I am trying to get a value from the chrome.storage API and assign it to a variable. Here's the scenario, when I am in debug mode and step through my code everything works fine, but when I am not in debug mode I don't get the correct return value. What I find really interesting is that if I put in an alert message between the assignment of the variable and the if statement that it also works. Also, if I try to set a timeout or kill time with a while loop the results are the same.

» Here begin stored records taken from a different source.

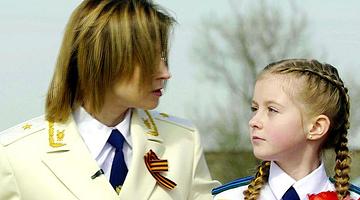 Наталья Поклонская: от обсуждения «иноагента» Ленини до провокационных образов и отказа от христианства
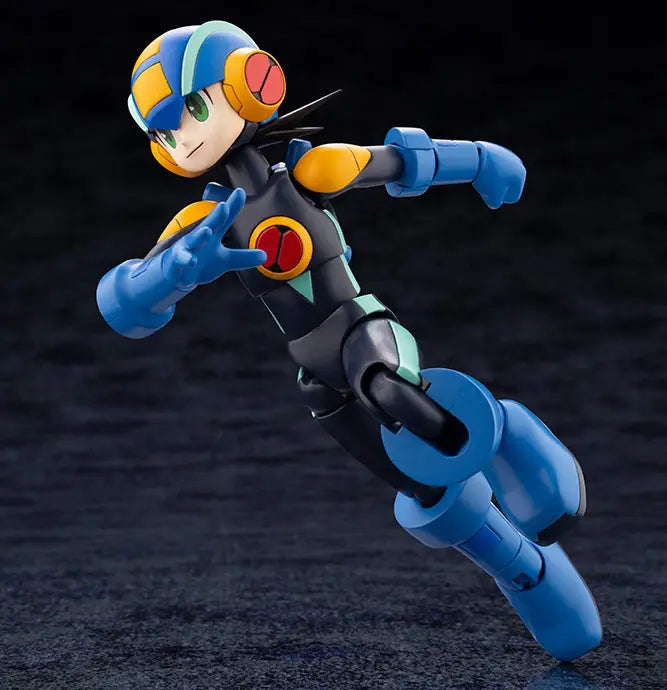 Mega Man Battle Network Non-Scale Mega Man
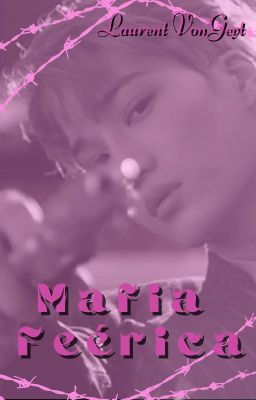 Mafia feérica (KaiSoo) cover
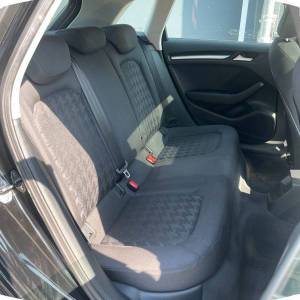 Audi A3 SB 1.6 TDI 110 KS, PANO+KLIMA+S&S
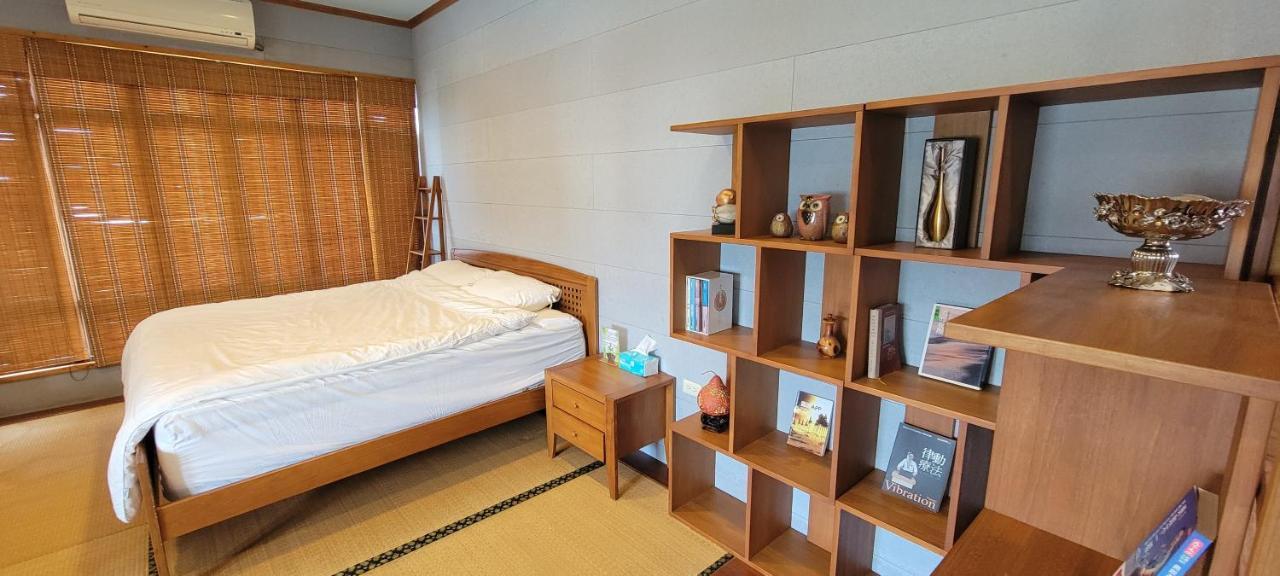 Taitung Sen Huxi Homestay المظهر الخارجي الصورة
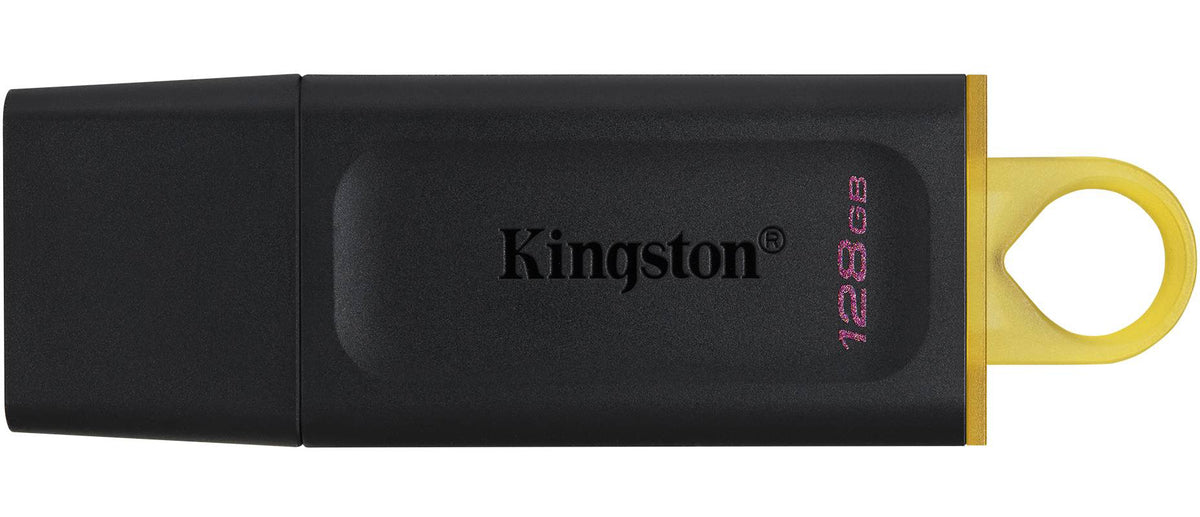 Εξωτερική Μνήμη USB-A 3.2 Kingston DT Exodia, 128Gb, Επανασφραγισμένη DTX/128GB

This may be happening because of asynchronicity, as the docs on the Google site state, even though I am using a return value as I am directed to do. I have also tried LocalStorage and SendMessage from my inject.js to my background.js and I get the exact same results.

There are other methods that I've used to try and store my variable, such as, writing a text file to the user's local computer and accessing the clipboard copy and paste functions. These gave me security errors as injected code can't access these functionalities for the obvious reasons.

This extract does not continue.